An example of this is the widely advertised Umbra wastepaper basket, whose fluid shape holds crumpled paper just the way its predecessors did. It’s not a better container, merely a more stylish one. Like fashion for clothes, which is by definition fleeting, design is now perceived to be amusing and superfluous. Perhaps that’s why the word itself has become devalued. Many “designer jeans” are no more than ordinary denim pants with fancy labels. “Designer watches” are not more accurate than a Timex—the Movado is actually harder to read—but they have one important distinction: they are fashionable.

Of course, fashion has always had an influence on design. In the 1930s, there was a fashion for a streamlined look, which showed up in such classic designs as Walter Dorwin Teague’s Kodak Brownie as well as in his service station prototypes for Texaco. Streamlining, which refers to lowering resistance to air or water, made more sense when it was applied to a Pennsylvania locomotive by Raymond Loewy or to the sleek Chrysler Airflow by Carl Breer. The Airflow, introduced in 1934, pioneered such important design advances as built-in headlights and a concealed trunk, but it was not popular with the public and lasted only three years. On the other hand, the fashion for tail fins on cars, such as the 1959 Imperial, lasted a decade.

During the last twenty years, automotive engineering has taken a practical turn, so that useful features such as electronic ignition, antilock brakes, cruise control, power steering, and remote locking have become standard equipment in even modestly priced cars. Not that an abundance of safety and convenience automatically adds up to good design. I recently drove a rented Hyundai which, while it incorporated every feature listed above, did not strike me as a particularly helpful example of Dyson’s “intelligent problem-solving.” On the other hand, I fondly remember my Citroën Deux Chevaux (2CV), so-called because of its low horsepower rating (although the first model actually produced nine HP), which was designed in 1939, and was produced between 1946 and 1989. It was the French version of the Volkswagen, the people’s car, and was designed to be versatile and inexpensive (mine cost $1,500 in 1969).

The designer, Pierre Boulanger, had thought of everything. If you had a dead battery, you could start the two-cylinder engine with a hand-crank. The large wheels and soft suspension allowed you to drive smoothly over rough roads (Boulanger is said to have road-tested the prototype by driving across a plowed field). The lightweight seats, made of fabric stretched between tubular steel frames, were removable in case you wanted to transport something large—or needed lawn chairs for a picnic. The canvas roof rolled back to create a fully open top. A sudden shower once caught me with the roof open. When I took up the rubber floor mats to bail out the water, I discovered several removable rubber stoppers. Boulanger had thoughtfully provided drains.

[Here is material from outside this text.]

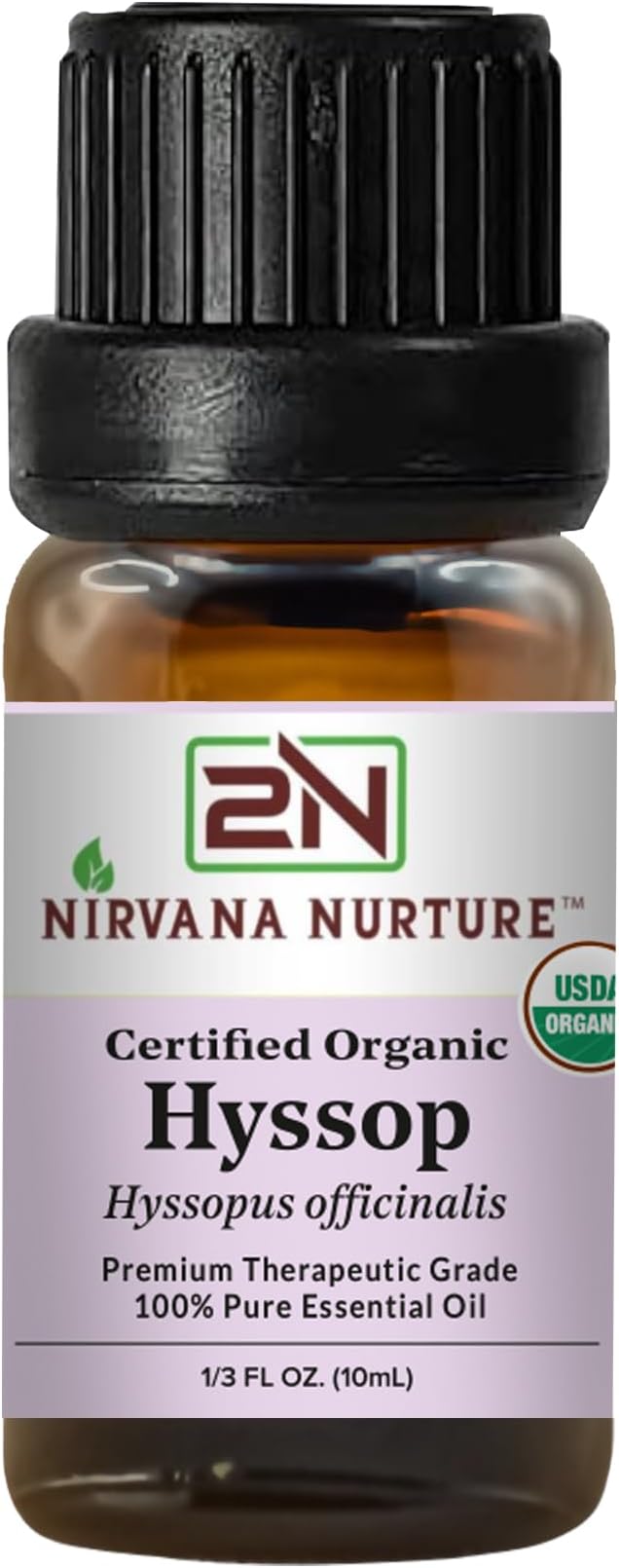 Hyssop Essential Oil USDA Certified Organic, 100% Pure Natural Premium Grade by NirvanaNurture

Intelligent problem-solving is Henry Petroski’s subject. A civil engineer and a professor at Duke University, he has carved out a small niche for himself with a series of books on how things work, including To Engineer Is Human, The Evolution of Useful Things, and Invention by Design. Petroski has written about pencils and bookshelves as well as bridges and skyscrapers. His success is not surprising, for he writes clearly about complicated subjects, and provides lucid explanations and penetrating insights. Moreover, he has this field pretty much to himself, for while there are many popular writers on science, there are few on engineering, an absence that is all the more remarkable since without engineering our technological world could not function. We have become blasé about progress. Advances in communications and computing technology come with such regularity that they now seem preordained. We take it for granted that our computers will be cheaper and faster, our cell phones smaller, our cars more reliable. I had a flat tire the other day, and I realized that it was the first time I had jacked up a car in more than twenty years.

Advertisement

Most of us don’t know how the electronic insides of automobile engines work, because we don’t need to know. I’ve never owned a television that broke down, although as a child I remember the television repairman as a regular visitor to our house. Engineering is responsible for these successes, yet the only time that engineers come to the fore is when something goes wrong—a building collapses or an SUV tips over.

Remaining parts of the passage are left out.